O Fluminense ganhou o campeonato e tive de carregar Odin pra casa, mesmo ele insistindo em irmos para um bordel de um amigo dele, onde as prostitutas dão desconto de quarenta por cento se o cara conseguir fazê-las gozar.
Foi ótimo ter revisto meu velho amigo, amigo de sempre. A Amizade tem um caráter perpétuo e reconforta sempre – faz-nos mais joviais. Resistente ao tempo, ela reaparece como se nunca tivesse saído do lugar de origem.
Eu amo esse cara!
III – AMOR NO CATETE
Ela estava lá, sempre está lá. Encontrei-a já no quarto do hotel e pouco teve importância o buquê de rosas que oferecia a minha deusa, nosso tempo é sempre curto, pois precisamos nos amar das formas mais intensas possíveis.
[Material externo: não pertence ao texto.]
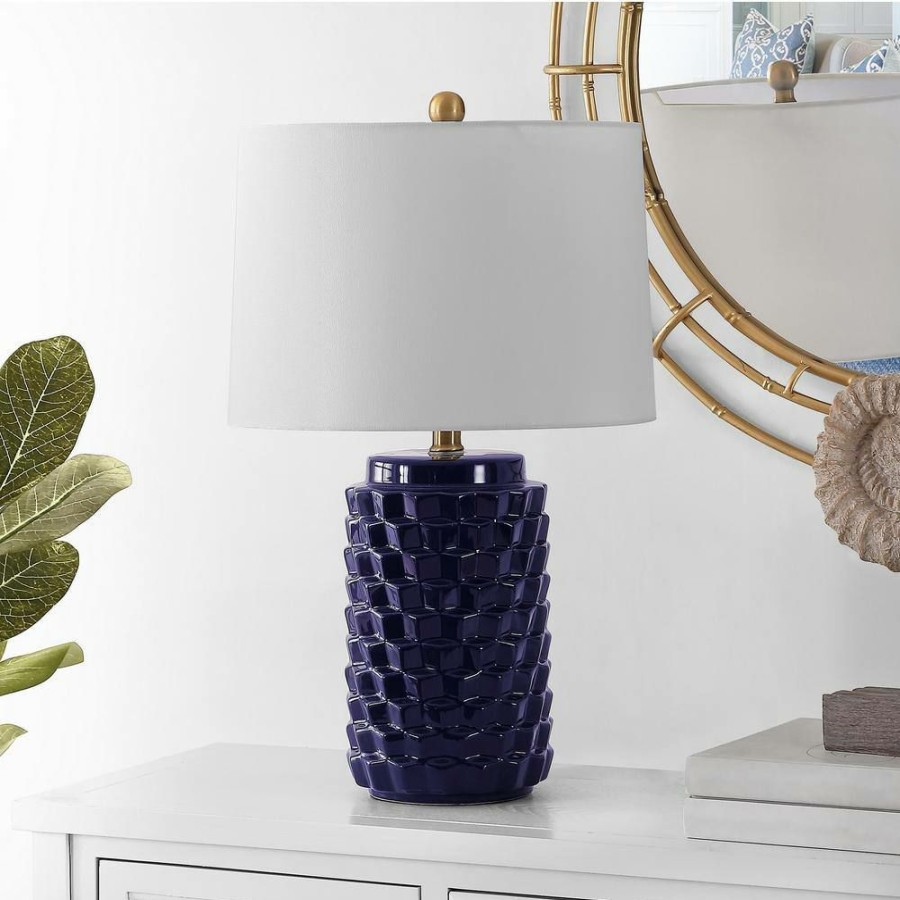 Lamps * | Weldon 22.5 In. Navy Table Lamp With White Shade By Safavieh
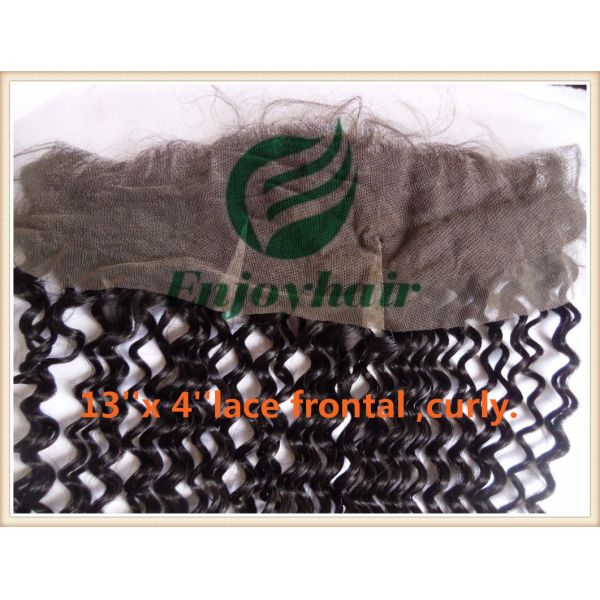 Malaysian virgin remy hair lace frontal 13''x4'' ,natural color curly 10''-24''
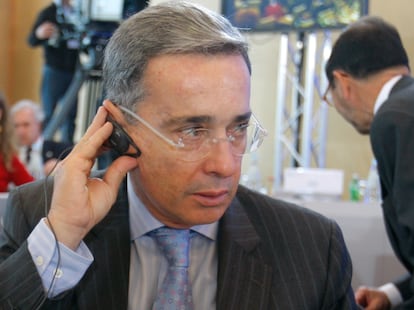 El expresidente Álvaro Uribe en una cumbre en Estoril (Portugal), el 1 de diciembre de 2009.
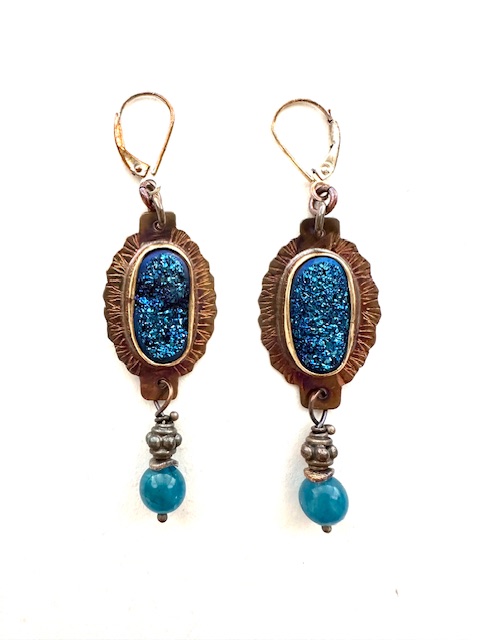 Image of Sterling Silver Electric Blue Druzy Earrings by Julie Shaw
Não há ocasião para outra coisa a não ser nos perdermos no corpo e na alma um do outro.
Cerramos as cortinas e ligamos a luz de algum abajur, como dois vampiros: um dia se passa – sempre o tempo de nosso amor é um dia. Provavelmente é alguma equação cabalística, vivemos um amor de um dia, um dia intermitente, que não acaba nunca, porque ele continua em nossos encontros presentes e -Deus queira – futuros.
O amor, essa grande roda gigante dos sentimentos, que leva alegria, conforto, irritações, desprezos, desgraças e bênçãos em iguais medidas aos que sabem e aos que não sabem vivenciá-lo, está presente no laço que me une ao grande e inefável querer bem a ela… Sempre ela!